If Argo CD is not installed yet, follow steps 1 and 2 of Helm installation.
Overview
Argo CD is a continuous delivery (CD) tool based on the GitOps model.
In this model, you describe the infrastructure you want — which components, which version, which settings — in YAML files called manifests, and store them in a Git repository.
Argo CD watches that repository and keeps the Kubernetes cluster aligned with what is declared in those files.
Differences between installing with Argo CD and Helm
| Criterion | Helm CLI | Argo CD (GitOps) |
|---|---|---|
| Traceability | Manual commands, no automatic history | Every change is recorded in Git |
| Automation | Manual execution per chart | Continuous automatic sync |
| Rollback | Re-running commands | One click or one command |
| Visibility | Terminal only | Web UI with live status |
| Audit | Difficult | Full, via Git history |
Essential concepts for installation with Argo CD
Before you start, it is important to understand the core concepts of this installation:
Manifest
: A YAML file that describes a Kubernetes or Argo CD resource.
In this context, each manifest defines an Argo CD Application — i.e. it tells Argo CD to install a given Helm chart.
Files are created from the templates in this documentation and stored in the indicated Git repository.
Application
: The central object in Argo CD.
An Application tells Argo CD to download a given Helm chart from the registry and install it in a given cluster namespace.
Each TDP component (Kafka, Airflow, Trino, etc.) is represented by a separate Application.
Repository
: The source of artifacts Argo CD will use.
It can be a Git repository (where your manifests live) or an OCI registry1 (where Tecnisys Helm charts are hosted).
Both must be registered in Argo CD before creating Applications.
Sync
: The process by which Argo CD compares the desired state in manifests with the actual cluster state.
If there is a drift, Argo CD applies the required changes — automatically (if configured) or on demand.
App of Apps
: A pattern to manage all components with a single root Application.
Instead of applying many manifests one by one, you apply one file that tells Argo CD to discover and install all others automatically.
Installation order
Components should be installed in a specific order so dependencies are satisfied:
| Order | Chart | Component | Version | Dependencies |
|---|---|---|---|---|
| 1 | tdp-postgresql | PostgreSQL | 17.5.0 | None |
| 2 | tdp-kafka | Kafka (Strimzi) | 4.1.0 | None |
| 3 | tdp-hive-metastore | Hive Metastore | 4.0.0 | None |
| 4 | tdp-deltalake | Delta Lake | 4.0.0 | None |
| 5 | tdp-iceberg | Iceberg | 1.10.0 | None |
| 6 | tdp-ozone | Apache Ozone | 2.0.0 | None |
| 7 | tdp-ranger | Ranger | 2.7.0 | tdp-postgresql |
| 8 | tdp-nifi | NiFi | 1.28.0 | None |
| 9 | tdp-spark | Spark | 4.0.0 | None |
| 10 | tdp-trino | Trino | 478 | None |
| 11 | tdp-airflow | Airflow | 3.0.2 | tdp-postgresql |
| 12 | tdp-jupyter | JupyterLab | 5.3.0 | None |
| 13 | tdp-clickhouse | ClickHouse | 25.8.11.66 | None |
| 14 | tdp-cloudbeaver | CloudBeaver | 25.2.3 | tdp-postgresql |
| 15 | tdp-openmetadata | OpenMetadata | 1.9.11 | tdp-postgresql |
| 16 | tdp-superset | Superset | 5.0.0 | tdp-postgresql |
The Version column refers to the component version (e.g.
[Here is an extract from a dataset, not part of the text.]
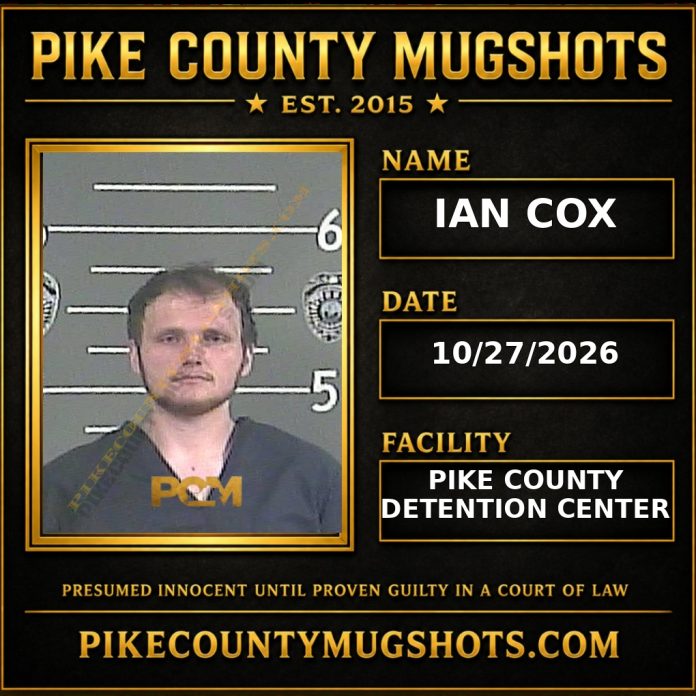 IAN COX Pike County Kentucky arrest booking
Kafka 4.1.0, Airflow 3.0.2). The Helm chart version is 3.0.0 for all TDP charts.
Argo CD (including the required CRDs) is a prerequisite for this procedure: the cluster must already have Argo CD running (see Helm installation).
The tdp-argo-crds and tdp-argo charts are not part of this sequence because they are not installed by this GitOps flow.
tdp-postgresql is a dependency and must be running before components that use it, such as Airflow, OpenMetadata, Ranger, Superset, and CloudBeaver.
With the App of Apps pattern, Argo CD tries to create everything at once; those components may fail temporarily until PostgreSQL is ready — selfHeal2 will reconcile them automatically.
- Installation
- Installation verification
- Troubleshooting
Step 1 – Connect the OCI registry to Argo CD
First, tell Argo CD where the TDP Helm charts are.
Charts are hosted in Tecnisys’s private OCI registry (registry.tecnisys.com.br).
To let Argo CD download them, register that address as a Helm repository with OCI support.
This registration does not install anything — it only allows Argo CD to use the registry as an artifact source.
Obtain access credentials from Tecnisys.
- Web UI
- CLI
- Commands
- Videos
1. Open the Argo CD UI in your browser.
The URL depends on how HTTP exposure is configured in your environment.
If the environment uses Ingress, find the exposed host with:
kubectl get ingress -n argocd
Example output:
NAME CLASS HOSTS PORTS
tdp-argocd-server nginx argocd.<cluster-domain> 80

Open https://argocd.<cluster-domain> in the browser.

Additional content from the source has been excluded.